__What is expected__
Only the lines below between the ones containing "Düğün ballons düz" and "Dizajnové kreslo Chesterfield", inclusive, are to be reproduced, each exactly as it stands.

__Data supplied__
------------------------------

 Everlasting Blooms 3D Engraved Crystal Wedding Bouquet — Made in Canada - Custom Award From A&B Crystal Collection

------------------------------

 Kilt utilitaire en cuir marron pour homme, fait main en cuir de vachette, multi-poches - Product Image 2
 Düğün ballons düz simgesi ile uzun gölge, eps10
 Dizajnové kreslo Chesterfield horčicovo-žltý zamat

------------------------------

__Response to the exercise__
 Düğün ballons düz simgesi ile uzun gölge, eps10
 Dizajnové kreslo Chesterfield horčicovo-žltý zamat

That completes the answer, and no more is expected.